EU accuses Apple of breaking competition law over Apple Pay
Another legal battle between Apple and the EUBy Daniel Sims 12 comments
In a nutshell: Apple's antitrust issues continue with EU regulators determining that Cupertino's near-field communication policies fail to pass anticompetition muster. The European Commission believes that the tech giant should share its NFC APIs with competing wallet apps. Of course, Apple thinks that would be a significant security issue.
On Monday, the European Commission (EC) issued a statement of objections against Apple restricting NFC payment capabilities exclusively to its Apple Pay service. According to the commission, it is an abuse of the company's dominant position and is against European Union (EU) competition laws. The determination comes on the heels of a probe initiated last week looking into the matter.
In a preliminary conclusion, commission executive vice president Margrethe Vestager said some payment services canceled plans for NFC payment functionality because they wouldn't be able to reach iPhone users. The commission believes other payment services should have access to the same functionality as Apple Pay.
Apple Pay is easily the biggest NFC-based mobile wallet on the market. The EC could determine that Apple reached that top position by blocking other apps on iPhone from accessing the technology Apple Pay uses, which would be an illegal abuse of a dominant position. In that case, Apple could face tens of billions of dollars in fines.
The Guardian notes that Apple issued a statement explaining Apple Pay's emphasis is on ease and security for customers. The company contends that allowing third parties to use NFC payments would make iPhones less safe. Apple also claimed it had not blocked other payment services from using NFC but did not offer specifics.

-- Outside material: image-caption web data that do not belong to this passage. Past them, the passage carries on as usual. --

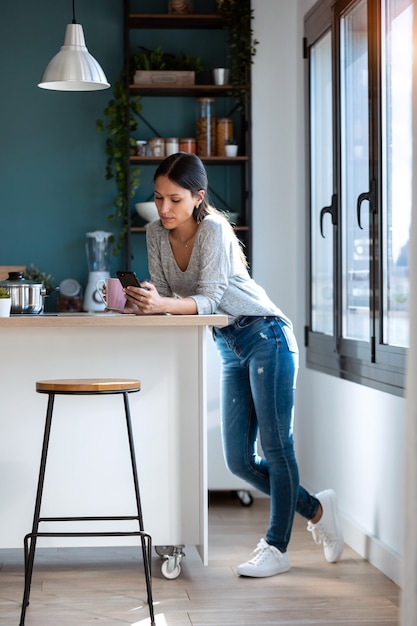 自宅のキッチンでコーヒーを飲みながら携帯電話を使用している集中した若い女性のショット。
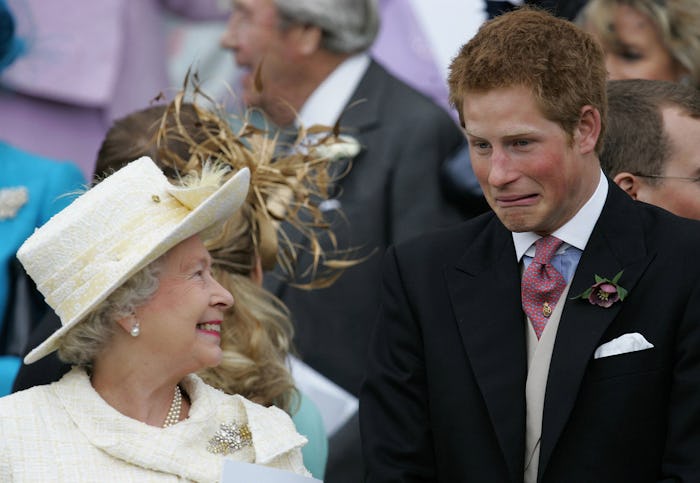 Britain's Queen Elizabeth II and Prince Harry share a joke as they watch Prince Charles and his brid...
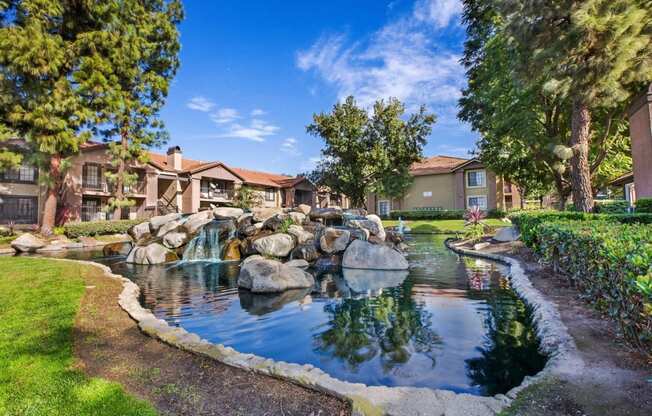 a fountain in the middle of pond surrounded  a grassy area with buildings in the background  at Citrine Hills, Ontario, CA, 91761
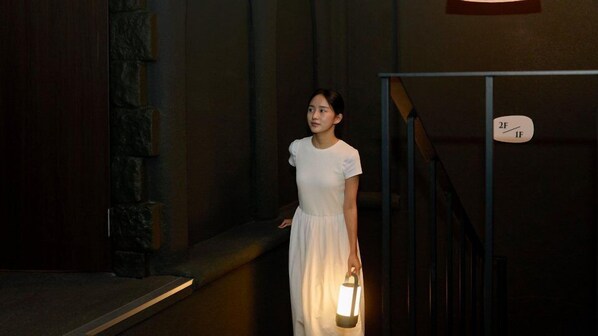 A person in a white dress holding a lantern, standing in a dimly lit hallway with stone walls and a metal railing. - Cave Ryokan Hotel by Anook Sungshin Univ. (Seoul)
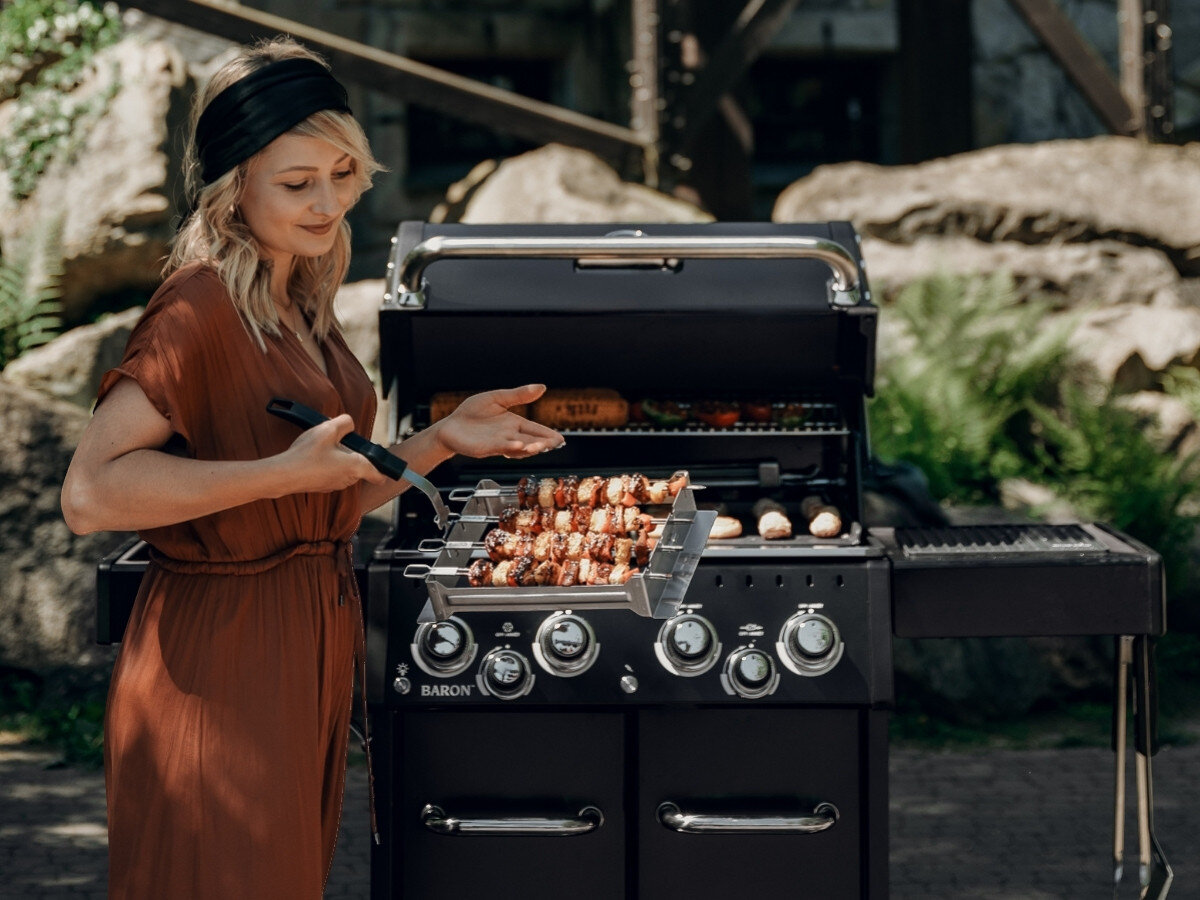 Osoba stoi przy dużym grillu, trzymając zestaw do szaszłyków z kilkoma szaszłykami. Grill jest otwarty, a na ruszcie widać różne potrawy.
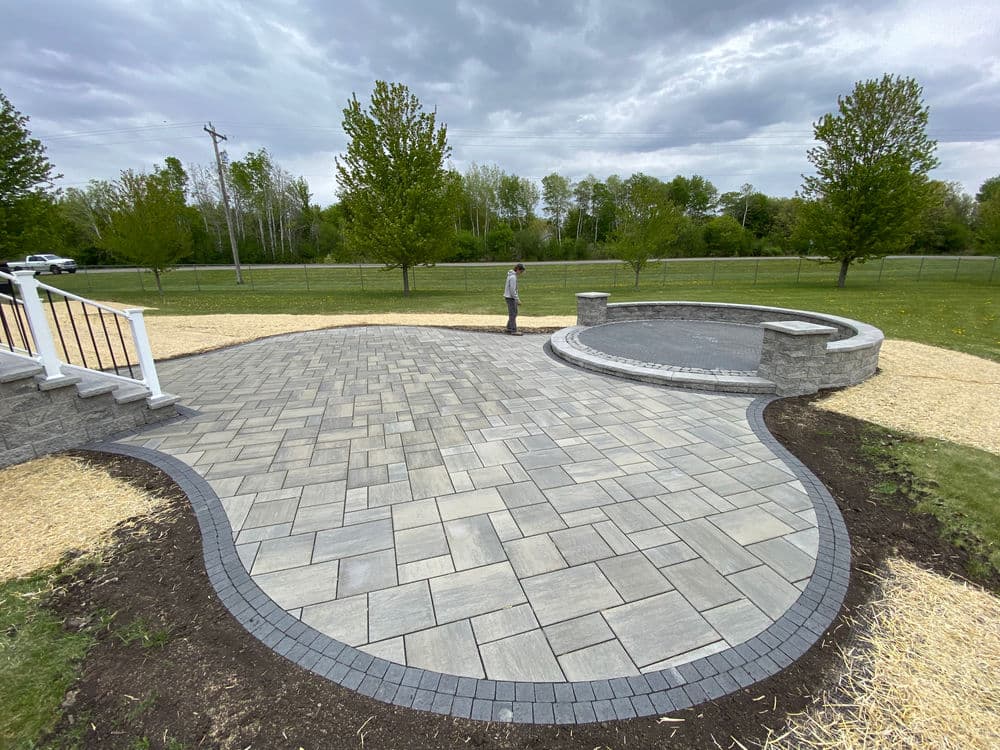 Beautifully paved patio with circular stone feature and landscaping under a cloudy sky.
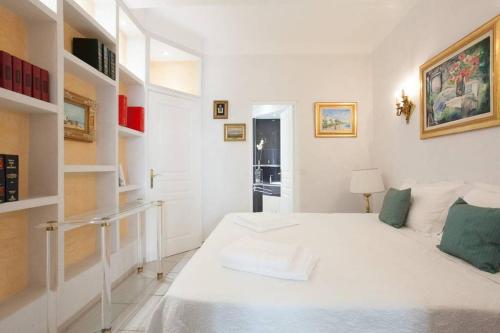 - une chambre blanche avec un grand lit blanc et des étagères dans l'établissement Cannes Meynadier: Superbe appartement trois pièces, à Cannes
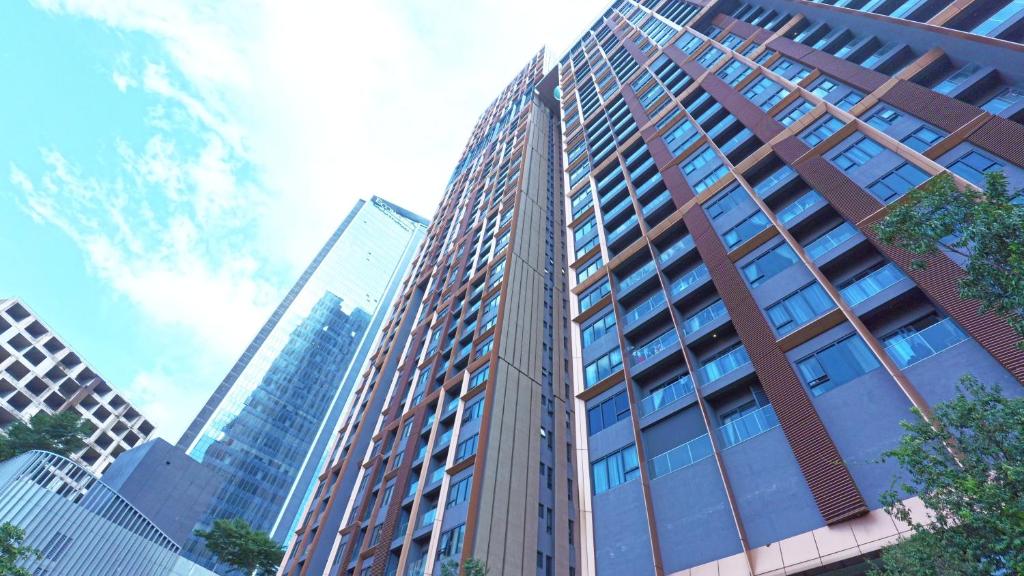 a tall building with many windows in a city at Lucentia Residence Bukit Bintang By Panorama in Bukit Bintang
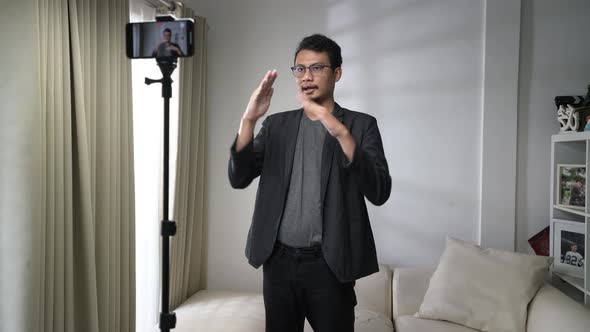 Asian man make a video call or conference with stand up and using smartphone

"We designed Apple Pay to provide an easy and secure way for users to digitally present their existing payment cards and for banks and other financial institutions to offer contactless payments for their customers," said the spokesperson. "Apple Pay is only one of many options available to European consumers for making payments and has ensured equal access to NFC while setting industry-leading standards for privacy and security."
Apple has had an ongoing struggle with European regulators. Recently the Authority for Consumers and Markets forced Apple to let Dutch dating apps handle payments outside of Apple's payment processor. The EU is also currently deciding on a law that may force Apple to allow sideloading on its devices.